The following are examples of cases in which engineering organizations designed equipment with cyber vulnerabilities, and network security organizations created reliability and safety issues with control systems and facility equipment.

Engineering without network security input

In the early 2000’s, heat waves caused failures of many electric distribution transformers. Consequently, one of the substation suppliers published the following advertisement dated Aug. 29, 2005: 

“Equipped with an Ethernet interface and Webserver, Vendor A Unit Substations now provide simple, affordable access to power system information – including transformer coil temperatures – using a standard Web browser. The pre-engineered equipment connects to a customer’s existing Ethernet LAN much like adding a PC or printer. Unit substations include a Temperature Controller, which provides remote access to transformer data, in addition to its primary role in controlling cooling fans. With a simple click of a mouse, it is easy to monitor transformer coil temperatures per phase and verify colling fan status at a glance. These new capabilities make it possible to correlate circuit loading with transformer temperatures to extend equipment life. The Ethernet interface and webserver are embedded in this vendor’s medium and low voltage switchgear, unit substations, motor control centers. switchboards, and panels.” 

Are these scenarios “secure by design”?

1. Currently, Schneider Electric provides standard equipment, the controller with an embedded Webserver with a predefined, built-in website. You can use the website for module setup and control as well as for application diagnostics and monitoring. These pages are ready to use with a web browser. No configuration or programming are required. The web server can be disabled. The webserver is a tool for reading and writing data and controlling the state of the controller, with full access to all data in your application.

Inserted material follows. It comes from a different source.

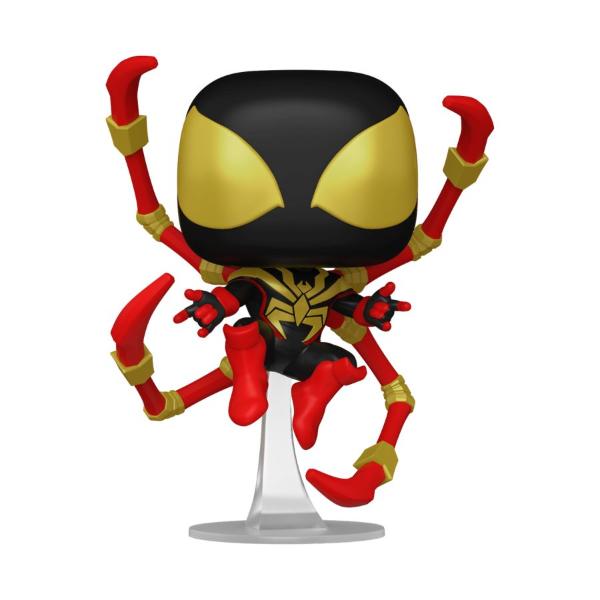 Marvel Comics - Miles Morales Iron Spider Pop! Vinyl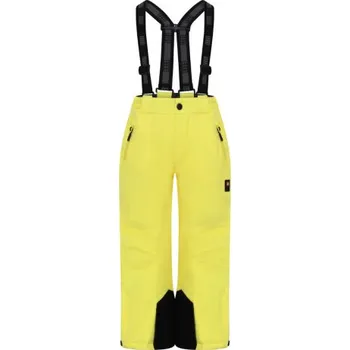 Chlapecké kalhoty Dětské lyžařské kalhoty Lego Wear PARAW 702 - žlutá 104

However, if there are security concerns over these functions, you must at a minimum assign a secure password to the webserver or disable the webserver to prevent unauthorized access to the application. By enabling the webserver, you enable these functions. The webserver allows you to monitor a controller and its application remotely, to perform various maintenance activities including modifications to data and configuration parameters and change the state of the controller. Care must be taken to ensure that the immediate physical environment of the machine and process is in a state that will not present safety risks to people or property before exercising control remotely.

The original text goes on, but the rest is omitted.